While I knew much of this history, I think it’s important to hear it again and again—as painful as it is (especially for this descendant of white settlers who was raised on not one but two land lots originally stolen from the Cherokee in a county originally stolen from the Cherokee).

After I was bashed on the head with this information in the form of a well-made 17-minute film, I was turned loose onto the grounds, which feature 12 original and reconstructed buildings and remnants of the town streets, farms, and ball fields.

I was particularly impressed with the town council house and the Supreme Court building, which are reproductions and therefore are open to the public. One can even climb up behind the bar and sit on the bench. I declined, because once you’re a member of any bar, you understand what that means. Plus, based on the shameful information I had just heard, I felt that it would have been grossly inappropriate for me to have done that.

A sovereign nation

As fascinated as I was by the Cherokee justice system, my curiosity was piqued by a case that was not heard in the Cherokee courts but in the U.S. Supreme Court: the case of Worcester v. Georgia, 31 U.S. 515 (1832).

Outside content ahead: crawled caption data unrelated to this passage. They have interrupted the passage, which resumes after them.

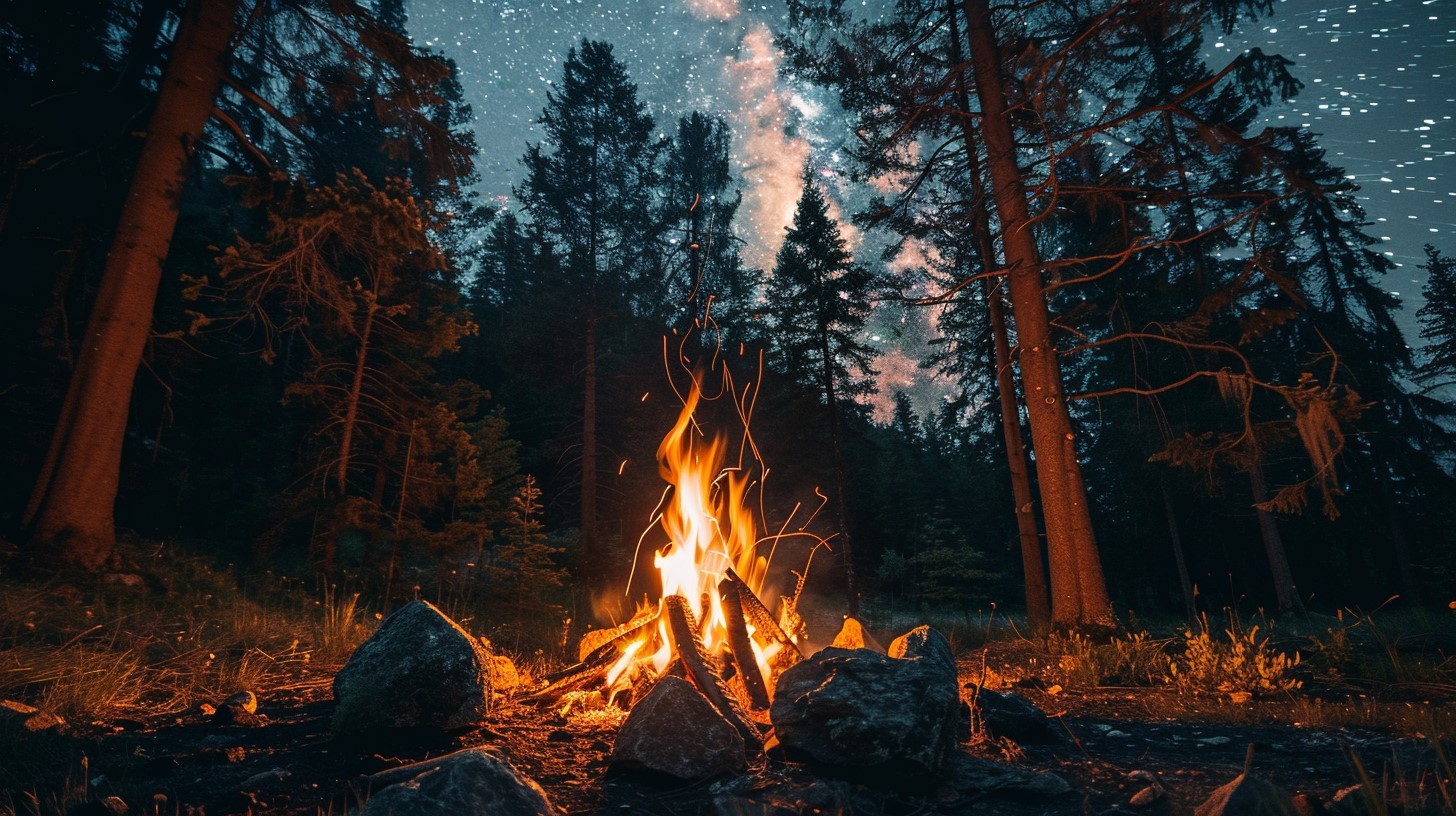 Ognisko w lesie, nocne niebo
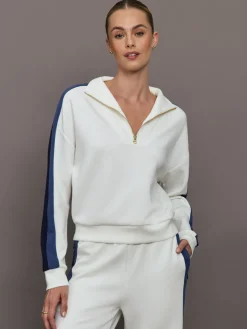 Half Zip With Contrast Stripe in Scuba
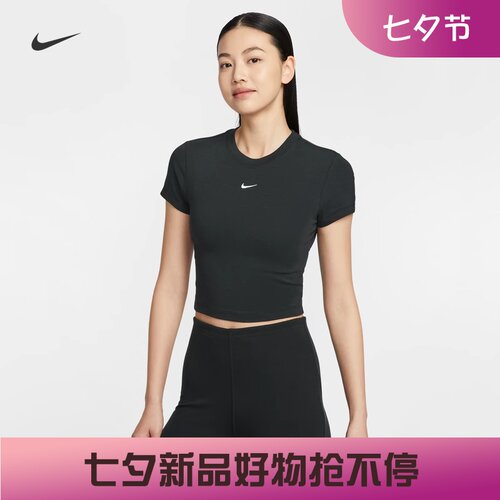 耐克女子短款刺绣小勾短袖T恤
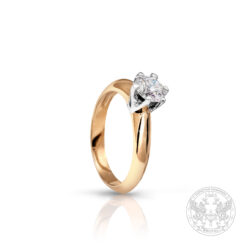 Диамантен годежен пръстен от бяло и розово злато 18к -BR1730GIA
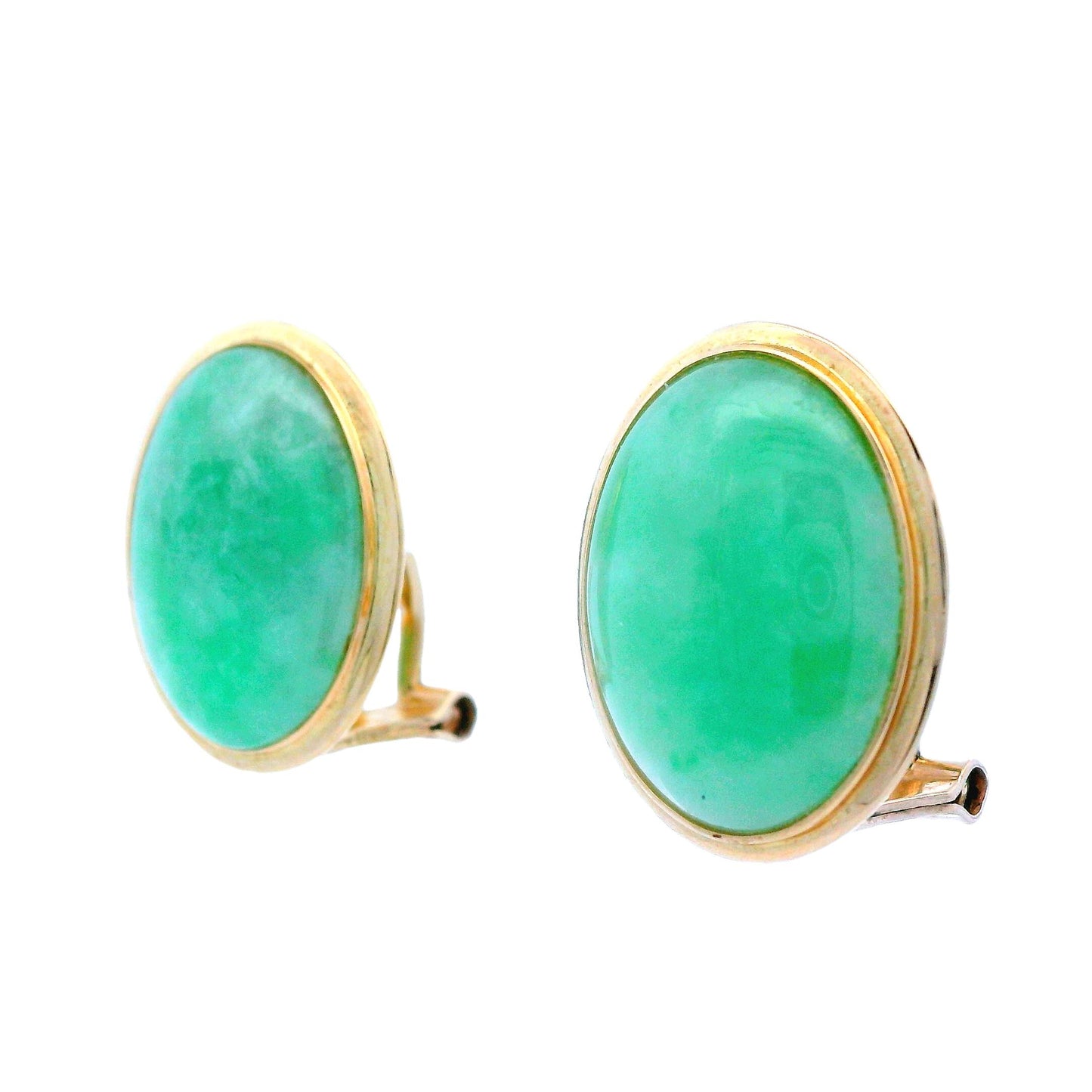 Contemporary 14k Yellow Gold Jade Clip-On Earrings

New Echota postmaster and white missionary Samuel Worcester was cited under a new Georgia law (intended to pressure the Cherokee to vacate) that forbade white people to live in Indian territory without a state permit. Worcester and others refused and were sentenced to four years’ hard labor. Worcester appealed to the U.S. Supreme Court and won. 31 U.S. 515, 520.

The case is notable not for the holding (Worcester’s conviction was struck down) but for the dicta. Chief Justice John Marshall, writing the opinion, seemed frankly pro-Indian. He recognized the Cherokee as a sovereign nation, a “distinct community” over which the State of Georgia could have no authority. 31 U.S. 515, 520. In other words, under Article I of the U.S. Constitution, the Cherokee Nation was similarly situated to the United States, and could therefore only be dealt with by the federal government. Id. at 573, citing U.S. Const. art. I. States therefore had no jurisdiction over Indian lands.

So what?

Despite the noble pronouncements in Chief Justice Marshall’s opinion, the federal government (under President Andrew Jackson) dealt with the Cherokee and other Southeastern tribes as atrociously as the states did. Still, the opinion set a precedent for the complicated relationship between sovereign Indian nations and the federal government that persists today.

Today, the three federally-recognized Cherokee tribes have more than 316,000 enrolled members, while the 2000 U.S. Census showed 875,276 people self-reporting as Cherokee. Two tribes are headquartered in Oklahoma, while the Eastern band (whose forebears escaped the Trail of Tears) remains in western North Carolina. While that’s a large population, it’s fair to say that social problems persist on Indian reservations, and the two large Oklahoma tribes have an uneasy relationship.


I wish there were an uplifting end to this post, but even that statement seems hollow and insulting. The best we can do is visit places such as New Echota and consider whether we’re participating in similar injustices today. Our shared history appears to be the harshest judge of all.